0. Introduction

Climate change is widely acknowledged as one of the most significant challenges facing the world today. Global warming has led to frequent extreme weather events, impacting agricultural production, water resource supply, and ecosystem health. The agricultural sector plays a crucial role in climate change and, at the same time, is severely affected by it. Agriculture is a major source of greenhouse gas emissions, including carbon dioxide, methane, and nitrous oxide. Agricultural carbon emissions primarily stem from soil management, animal and plant production, and agricultural machinery. Therefore, understanding and reducing agricultural carbon emissions are of paramount importance [1].

Studying agricultural carbon emissions contributes to the formulation of more effective policies and strategies by governments, agricultural departments, and decision-makers to reduce greenhouse gas emissions, achieve carbon neutrality, and promote sustainable agriculture. Furthermore, mitigating agricultural carbon emissions is crucial for global climate change adaptation. Reducing carbon emissions can mitigate the greenhouse effect, alleviate the negative impacts of climate change on agriculture, such as droughts, floods, and rising sea levels. Reducing carbon emissions is often closely linked to enhancing agricultural sustainability. Adopting sustainable agricultural practices can reduce resource wastage, improve soil quality, and enhance agricultural productivity.

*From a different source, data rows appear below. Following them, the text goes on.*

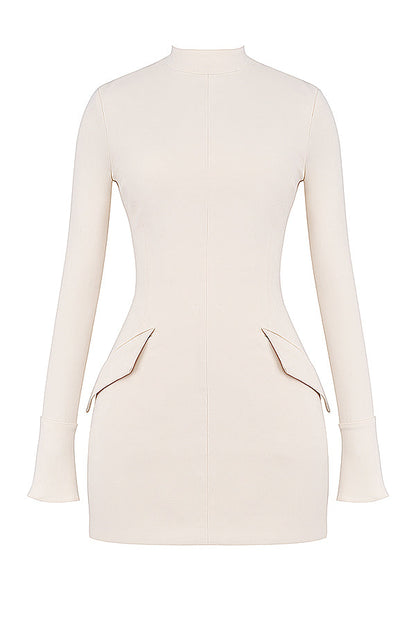 Mock Neck Long Sleeve Flap Pocket Structured Mini Dress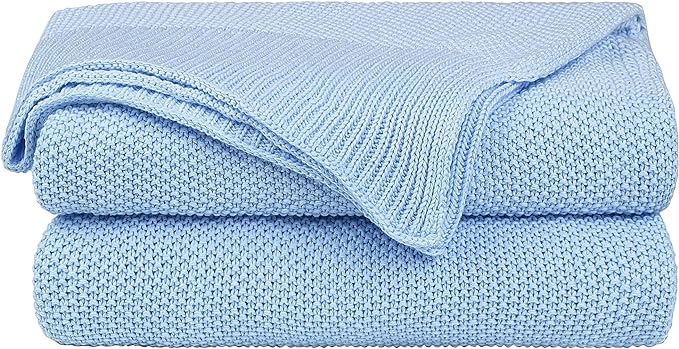 PiccoCasa 100% Cotton Knit Throw Blanket,Solid Lightweight Decorative Throws and Blankets,Soft Knitted Throw Blanket for Sofa Couch, Pale Blue 50" x 60"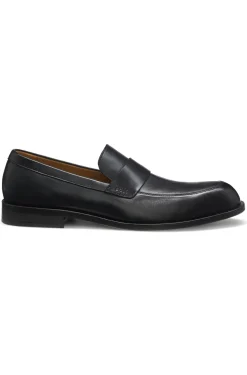 Leather loafers with penny trim
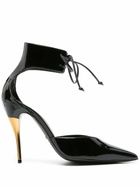 Gucci Black Lace-Up Patent Leather Pumps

Research on agricultural carbon emissions is also related to global food security. As the global population continues to grow, reducing carbon emissions helps ensure that agricultural systems can meet people's food needs.

In conclusion, studying agricultural carbon emissions is not only significant for addressing the challenges of climate change but also contributes to achieving sustainable development goals, ensuring future food security, and promoting environmental health. Research in this field will provide valuable guidance and decision support for the sustainable development of the agricultural sector. This paper focuses on the analysis of the correlation of agricultural carbon emissions in Liaoning Province using the Spearman correlation coefficient algorithm.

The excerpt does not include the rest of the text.